Context-free syntax blocks.

Context-free syntax blocks are enclosed in the markers

%cf{

and

%cf}

They may include one declaration of a start symbol, and any number of declarations of nonterminals, operator precedence relations, and productions. With very few exceptions, these take the same form as in CUP.

Nonterminal/start-symbol declarations.

Nonterminal declarations take the familiar form:

non terminal [nttype] ntname1[,ntname2,...];

This declares one or more grammar nonterminals. If a type (nttype) is provided, the variable RESULT declared in the semantic action of any production with one of these nonterminals on its left-hand side will be of type nttype. If a type is not provided, the default is Object.

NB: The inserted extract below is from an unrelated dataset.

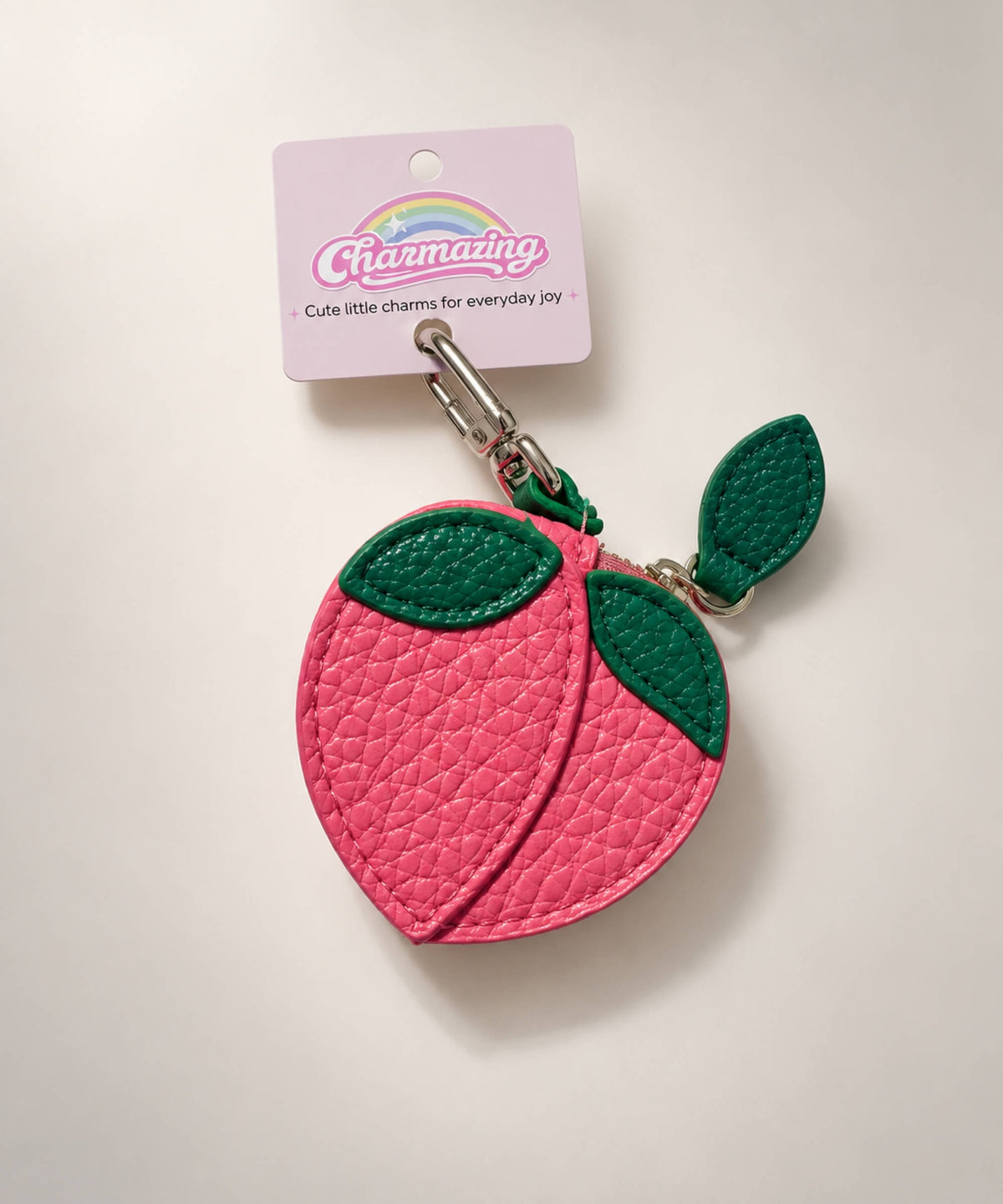 Peach fruit coin purse keychain with pink PU leather-style pouch and green leaf details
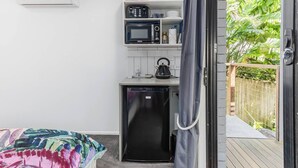 A compact kitchen with a microwave, toaster, and kettle, a small refrigerator, and a shelf with kitchenware. - Lilys Studio (Kingscliff)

The declaration of a grammar’s start symbol takes the self-explanatory form

start with [ntname];

Operator precedence/associativity declarations.

Operator precedence and associativity declarations take the familiar form:

precedence (left/right/nonassoc) term1[,term2,...];

Terminals listed on the same line have identical operator precedence, while terminals listed on successive lines have successively higher precedence; e.g., in the arithmetic grammar, TIMES has a higher precedence than PLUS, while PLUS and BINARY_MINUS have equal precedence. All terminals on a line have the operator associativity specified on that line.

These precedences and associativities are used to resolve shift-reduce conflicts, using the following logic:

  • Operators for the shift and reduce actions are defined:

    • The shift action’s operator is the terminal that would be shifted.

    • The reduce action’s operator is the operator of the production that would be reduced. This is by default the last terminal on the right-hand side of the production (e.g. + in NT ::= NT * NT + NT), but this can be overridden — see the %prec attribute in the next section.)

  • If the two operators have different precedence, resolve the conflict in favor of the action whose operator has the highest precedence.

  • If the two operators have the same precedence and the same associativity:

    • If the associativity is left, resolve in favor of the reduce action.

    • If the associativity is right, resolve in favor of the shift action.

    • If the associativity is nonassoc, remove both actions — the operator is meant to have its associativity defined through parentheses, or some other manner.

  • Otherwise, report the conflict as unresolvable.

Production declarations.

Production declarations take the form:

[ntname] ::=
       [sym1[:label1] ...]
       {:
           /* Semantic action for [ntname] ::= RHS1 */
       :}
          [%prec [termname]] [%layout ([term1,..])]
       [ | RHS2 ...
       ...]
       ;

This form is identical in most respects to that used in CUP. The declaration starts with a nonterminal, giving the left-hand side of the productions to follow, followed by ::=. Then come one or more sequences of zero or more terminals and nonterminals (right-hand sides), separated by vertical bars. Each right-hand side may optionally have a semantic action and two attributes:

  • Custom operator. As in CUP, adding the attribute

    %prec [termname]

    to a production will change the production’s operator from the default of the last terminal on the right, to termname.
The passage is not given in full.